In the preferred embodiment, as shown in FIG. 2, the USB charger defaults to a 2000 mA network upon application of power. The microprocessor monitors the USB port and automatically detects when an electronic device is connected by providing a 5 mA “soft” 5V output. Once an electronic device such as an Apple iPad or iPod is connected, the microprocessor enables the normal 2000 mA 5V output. The microprocessor measures the electronic device's current drain to see if it is charging. If the electronic device is charging, then the USB charger remains in this 2000 mA mode and turns on a light emitting diode (LED) to indicate the 2000 mA charging mode. The resistor network charging mode is stored in memory.

If no current drain is detected (e.g. a BlackBerry 9700 was connected to the USB port) the microprocessor switches to the 1000 mA network. The microprocessor then turns off the power output and then turns it back on. If the electronic device (e.g. the BlackBerry 9700) recognizes proper resistor network and begins charging, the microprocessor will detect charge current and leaves the network as is. An LED is turned on to indicate the 1000 mA charging mode. The resistor network charging mode is stored in memory.

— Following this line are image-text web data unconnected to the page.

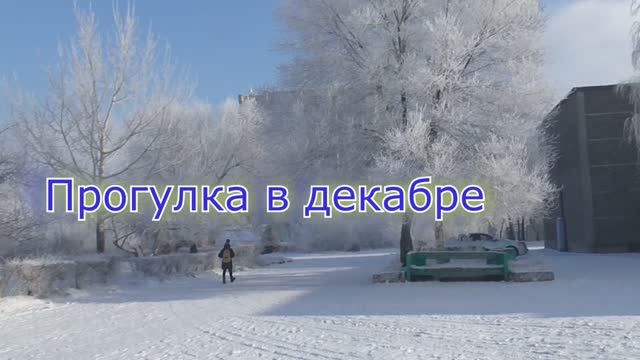 Прогулка в зимний день...Музыка Вадима Гурьева смотреть онлайн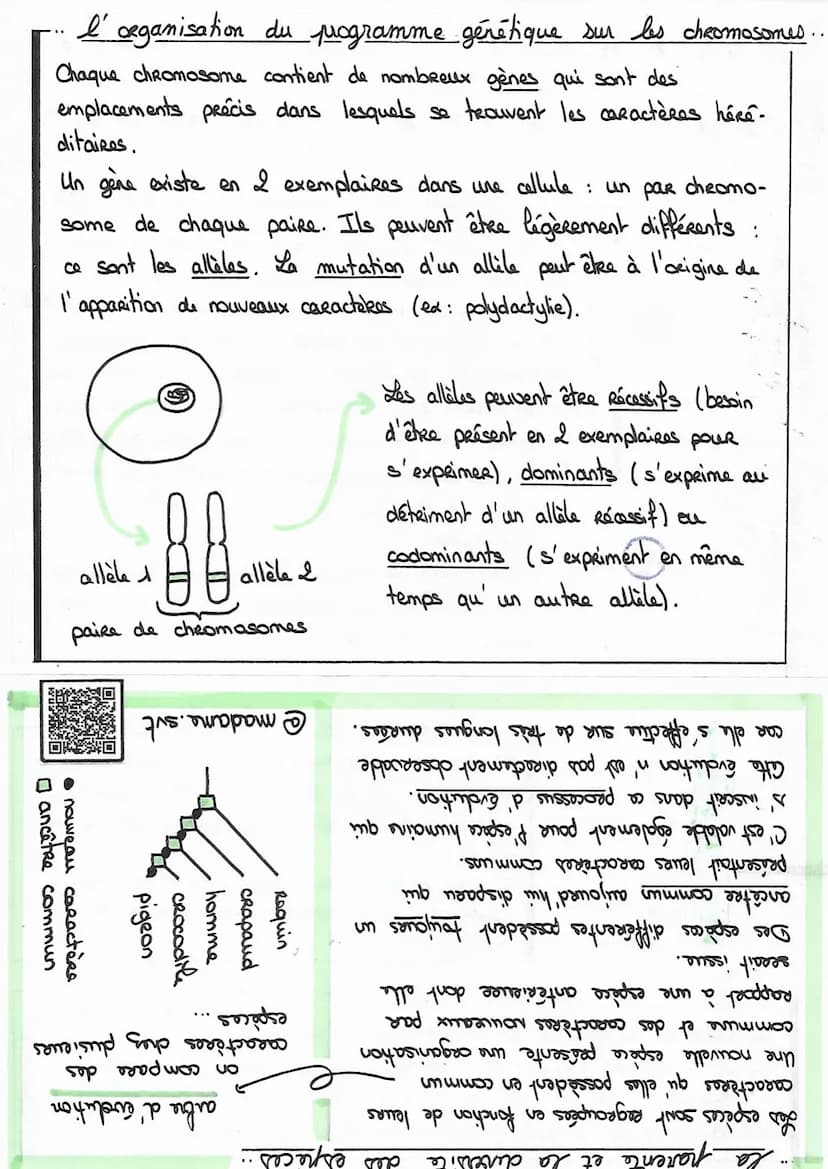 diversité
معاد لنا
en-dehors de
la division cellulaire
pendant la division
cellulaire
des
chromatice,
et unité
êtres vivants
la diversite de
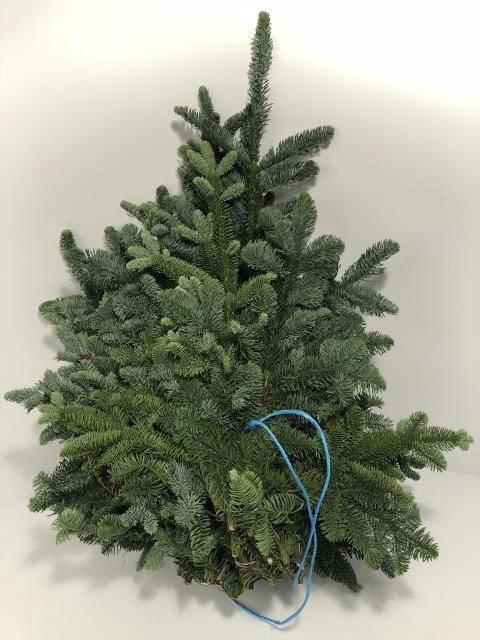 <h4>ABIES NOB BLAUW BS</h4>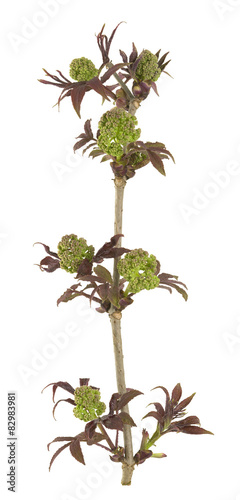 Red elderberry twig  Sambucus racemosa isolated on white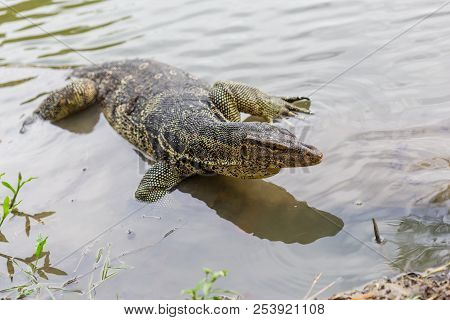 Varanus salvator, commonly known as water monitor or common water monitor in the water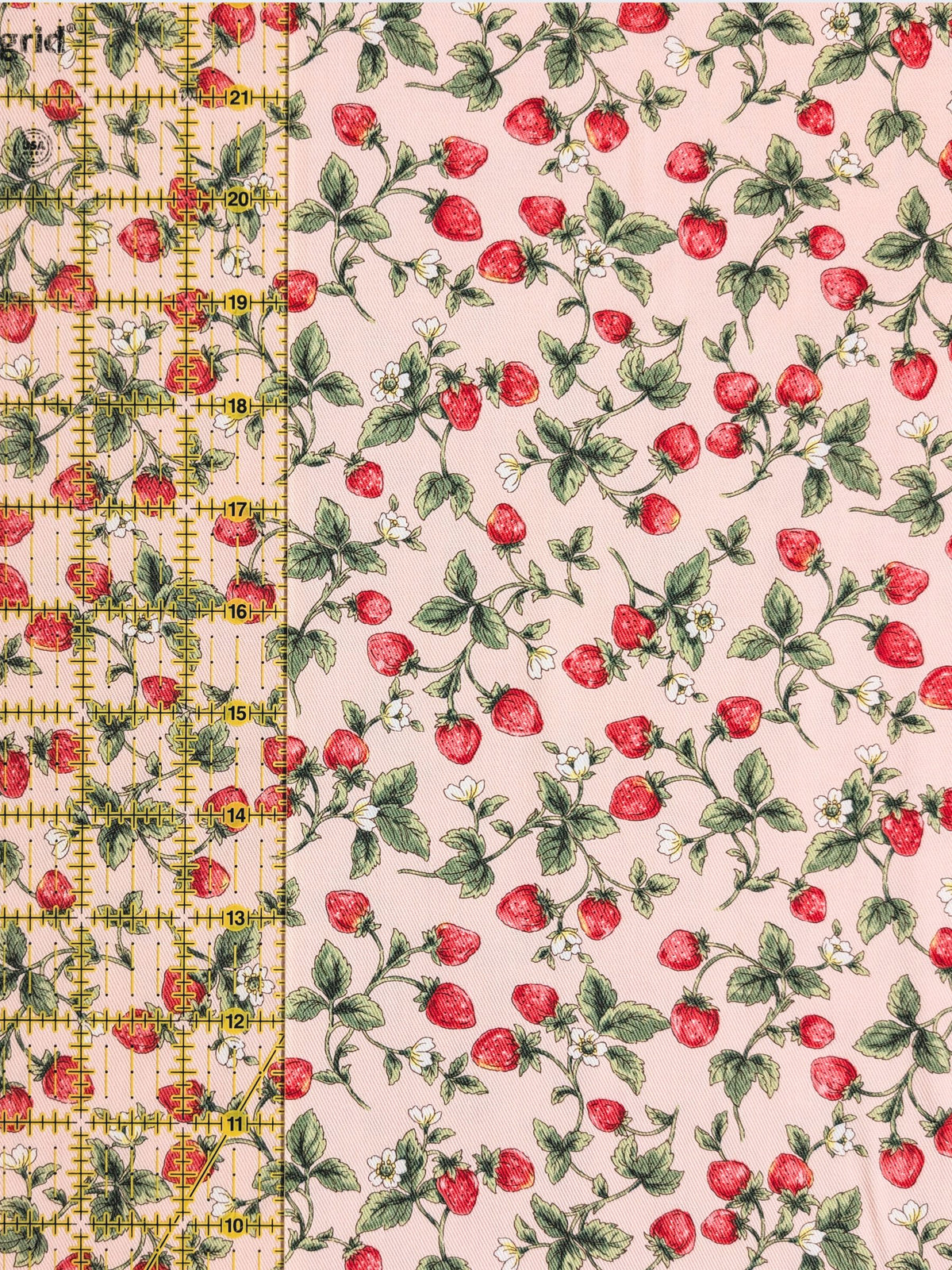 Kobayashi - Vining Strawberries Cotton Oxford Twill Fabric - Pink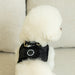 PUPPIA DOUGLAS DOG HARNESS B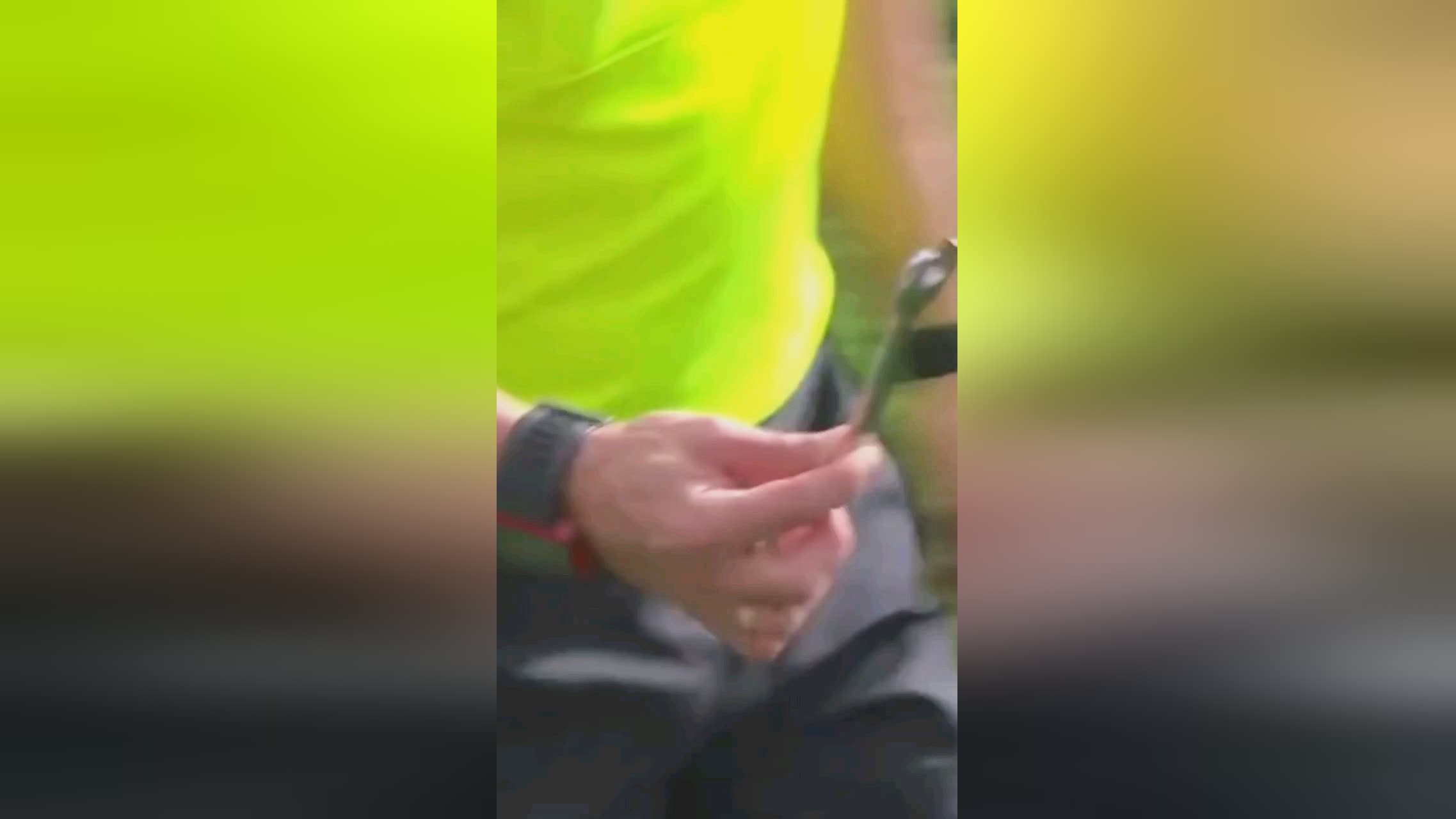 佳表现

If still no current drain is detected, the microprocessor will switch to the 500 mA resistor network setting. The microprocessor then turns off the power output and then turns it back on. The microprocessor will then check current drain. If it detects current drain, it will leave the resistor network setting as is and turn an LED on to indicate the 500 mA charging mode. The resistor network charging mode is stored in memory.

If still no current drain is detected then the microprocessor indicates a fault and a red LED flashes on the USB charger. The fault may be caused by the use of an improper mini USB cable, for example, that does not contain the normal 200 kΩ resistor at the mini USB plug itself (e.g. the user connected a data sync cable and not a charging cable). Since what may be plugged into the USB port of the USB charger cannot be limited, the USB charger can only indicate fault.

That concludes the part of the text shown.